You want you colony set for winter with full frames of stores above them in the upper boxes. Your cluster will start in the "lower" box, from back filling and being pushed down, and as winter progresses they will move vertical eating stores and creating clustering space as they eat and move.
Frames containing no stores, between your cluster and their next meal with cold weather can mean the end of your cluster.
Your cluster needs to stay in contact with their next meal as they move through winter.

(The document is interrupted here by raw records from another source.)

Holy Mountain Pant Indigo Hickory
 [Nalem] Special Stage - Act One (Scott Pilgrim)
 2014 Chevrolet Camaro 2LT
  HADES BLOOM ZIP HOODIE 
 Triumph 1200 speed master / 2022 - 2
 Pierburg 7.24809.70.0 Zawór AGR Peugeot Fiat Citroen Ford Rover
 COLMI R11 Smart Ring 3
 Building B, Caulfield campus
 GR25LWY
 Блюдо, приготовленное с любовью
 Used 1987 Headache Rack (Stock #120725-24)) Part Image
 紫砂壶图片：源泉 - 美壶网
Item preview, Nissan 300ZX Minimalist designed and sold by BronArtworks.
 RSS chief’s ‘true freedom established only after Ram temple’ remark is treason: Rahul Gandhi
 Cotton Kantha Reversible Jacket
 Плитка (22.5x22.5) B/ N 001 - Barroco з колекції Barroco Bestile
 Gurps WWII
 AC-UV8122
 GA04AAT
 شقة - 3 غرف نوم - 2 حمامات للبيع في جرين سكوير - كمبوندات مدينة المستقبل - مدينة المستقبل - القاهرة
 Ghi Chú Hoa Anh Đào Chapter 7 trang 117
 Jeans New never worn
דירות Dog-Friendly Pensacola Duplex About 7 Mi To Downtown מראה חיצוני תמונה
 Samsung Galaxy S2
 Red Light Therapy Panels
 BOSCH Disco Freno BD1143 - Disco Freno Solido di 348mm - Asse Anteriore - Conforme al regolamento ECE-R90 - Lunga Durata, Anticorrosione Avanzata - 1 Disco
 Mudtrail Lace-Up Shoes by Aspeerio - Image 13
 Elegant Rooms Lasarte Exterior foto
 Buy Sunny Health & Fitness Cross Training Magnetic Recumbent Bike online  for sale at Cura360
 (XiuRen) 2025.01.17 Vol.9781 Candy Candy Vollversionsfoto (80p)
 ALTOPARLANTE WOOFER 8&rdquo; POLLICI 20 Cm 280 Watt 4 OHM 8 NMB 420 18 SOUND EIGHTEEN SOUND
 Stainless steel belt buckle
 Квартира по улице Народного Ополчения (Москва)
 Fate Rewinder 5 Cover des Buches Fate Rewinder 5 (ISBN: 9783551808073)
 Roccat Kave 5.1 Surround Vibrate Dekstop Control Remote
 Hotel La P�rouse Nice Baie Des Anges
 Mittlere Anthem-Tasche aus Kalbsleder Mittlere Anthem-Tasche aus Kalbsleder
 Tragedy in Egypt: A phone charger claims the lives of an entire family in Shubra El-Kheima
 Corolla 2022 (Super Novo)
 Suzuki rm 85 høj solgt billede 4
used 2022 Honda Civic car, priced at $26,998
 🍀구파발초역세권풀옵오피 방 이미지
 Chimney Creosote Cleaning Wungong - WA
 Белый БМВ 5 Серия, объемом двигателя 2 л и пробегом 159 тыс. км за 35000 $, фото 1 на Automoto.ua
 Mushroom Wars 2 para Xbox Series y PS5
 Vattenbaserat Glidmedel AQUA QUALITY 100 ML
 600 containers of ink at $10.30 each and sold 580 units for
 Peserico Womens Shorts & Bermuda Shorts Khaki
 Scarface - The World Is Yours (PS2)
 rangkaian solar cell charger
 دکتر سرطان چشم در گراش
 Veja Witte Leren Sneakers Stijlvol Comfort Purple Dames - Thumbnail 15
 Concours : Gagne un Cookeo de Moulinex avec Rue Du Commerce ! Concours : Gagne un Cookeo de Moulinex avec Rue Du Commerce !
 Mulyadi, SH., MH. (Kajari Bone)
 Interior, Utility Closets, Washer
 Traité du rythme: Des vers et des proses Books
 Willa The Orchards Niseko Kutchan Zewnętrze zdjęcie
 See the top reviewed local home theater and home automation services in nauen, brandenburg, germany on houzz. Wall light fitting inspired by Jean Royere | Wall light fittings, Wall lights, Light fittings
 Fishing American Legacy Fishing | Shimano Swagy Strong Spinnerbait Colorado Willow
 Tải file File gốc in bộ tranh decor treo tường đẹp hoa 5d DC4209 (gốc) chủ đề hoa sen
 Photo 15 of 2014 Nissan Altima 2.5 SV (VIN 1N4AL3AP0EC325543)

Remember when you are discussing wintering techniques look at where the advice is coming from and compare it your what you will be wintering in.


----------



## Chef Isaac (Jul 26, 2004)

You need to do this come spring time.


----------



## Chef Isaac (Jul 26, 2004)

At this point, you need to leave the bees alone. You can continue to feed a thick syrup until about thanksgiving time but then it would be time to stop. This year, I am taking additional insurance out and putting dry sugar on the top bars.


----------



## allrawpaul (Jun 7, 2004)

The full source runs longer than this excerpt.